The Department of Conservation has updated regulations regarding the use of thermal imaging and night vision equipment to hunt coyotes and control feral hogs on private property. The regulations were updated at the recent Sept. 4 meeting of the Conservation Commission.
The change comes in response to citizen requests to the Regulations Committee to use night vision, infrared, thermal imagery equipment, or artificial light to hunt coyotes, and from landowners to allow their authorized representatives to use night vision, infrared, or thermal imagery equipment without prior approval from a conservation agent to address damage caused by feral hogs.
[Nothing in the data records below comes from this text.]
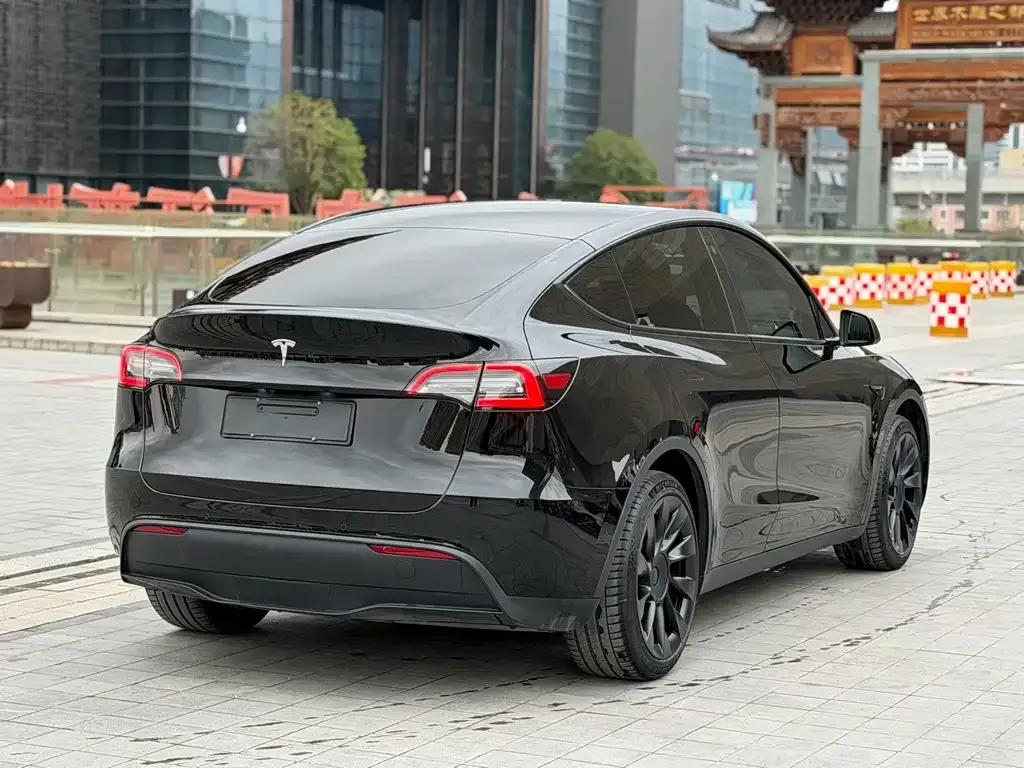 Tesla Model Y — фото 5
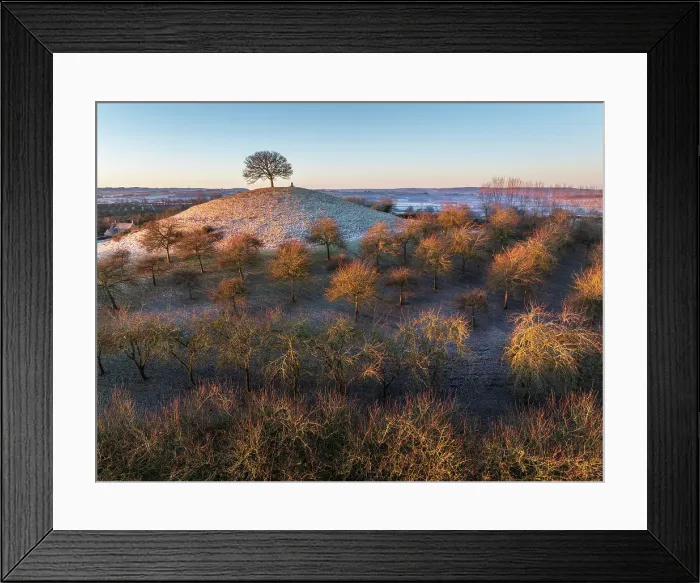 Framed Print : The lone hilltop tree at Burrow Hill Cider Farm, Somerset, England. Winter (January) 2024 Framed Print : The lone hilltop tree at Burrow Hill Cider Farm, Somerset, England. Winter (January) 2024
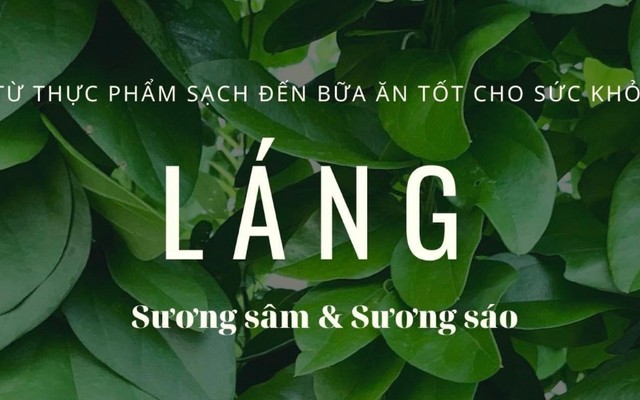 Láng Sương Sâm Sương Sáo - 267 Xóm Chiếu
The revised regulations allow landowners who own property of any size and their authorized representatives to possess, control, and use night vision, infrared, and thermal imagery equipment to kill feral hogs on the landowner’s property while in possession of any implement where wildlife could be killed or taken.
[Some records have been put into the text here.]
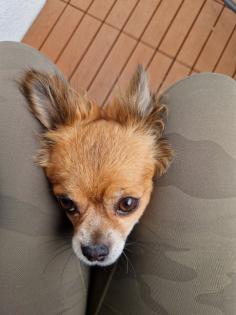 Neues zu Hause für meine 9 Jahre junge Chihuahua Dame
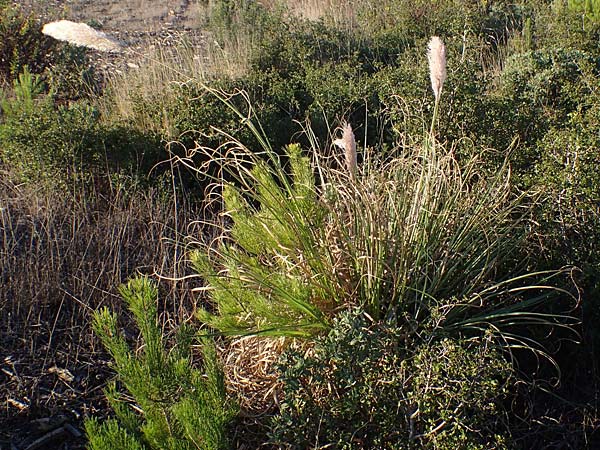 Cortaderia selloana \ Amerikanisches Pampas-Gras / Pampas Grass, F Martigues 8.10.2021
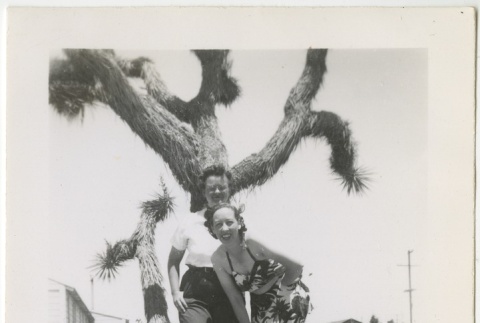 Two women posing in front of a tree (ddr-manz-7-90)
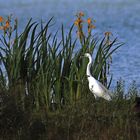 aigrette fleurie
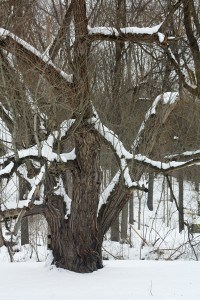 When Strong Family Roots Don’t Produce a Pretty Tree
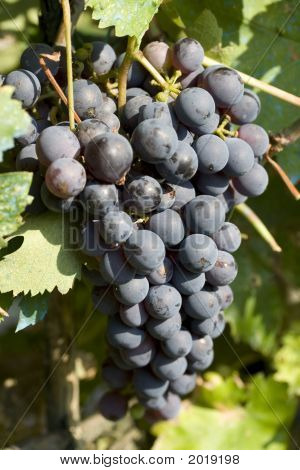 Rote Rebsorte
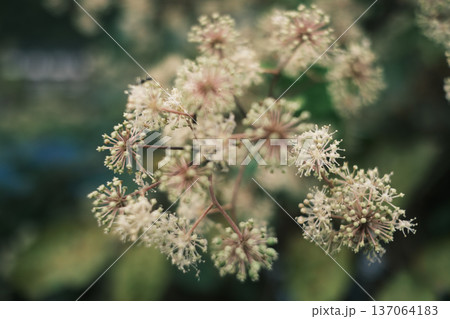 ウドの花 ウドの花 137064183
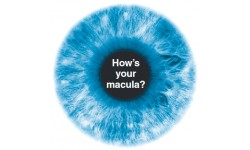 Macular Degeneration - Everything You Need To Know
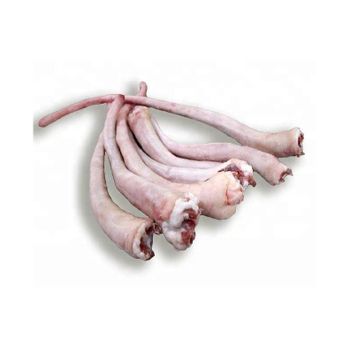 Wholesale frozen pork tail bulk supply ready stock for distributors and supermarkets from BMU TRADING GMBH Wholesale frozen pork tail bulk supply ready stock for distributors and supermarkets - BMU TRADING GMBH - Germany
Landowners and their representative would be authorized to kill or take feral hogs using these methods without prior approval from a conservation agent throughout the year.
The regulations also allow properly licensed hunters to use artificial light, night vision, infrared, or thermal imagery equipment in conjunction with other legal hunting methods to pursue and take coyotes from Feb. 1 through March 31. The regulations become effective Nov. 30.
Property owners and their representatives can still use night vision, infrared, thermal imaging equipment, or artificial light to kill coyotes or other wildlife causing property damage at any time of the year with written authorization from a conservation agent.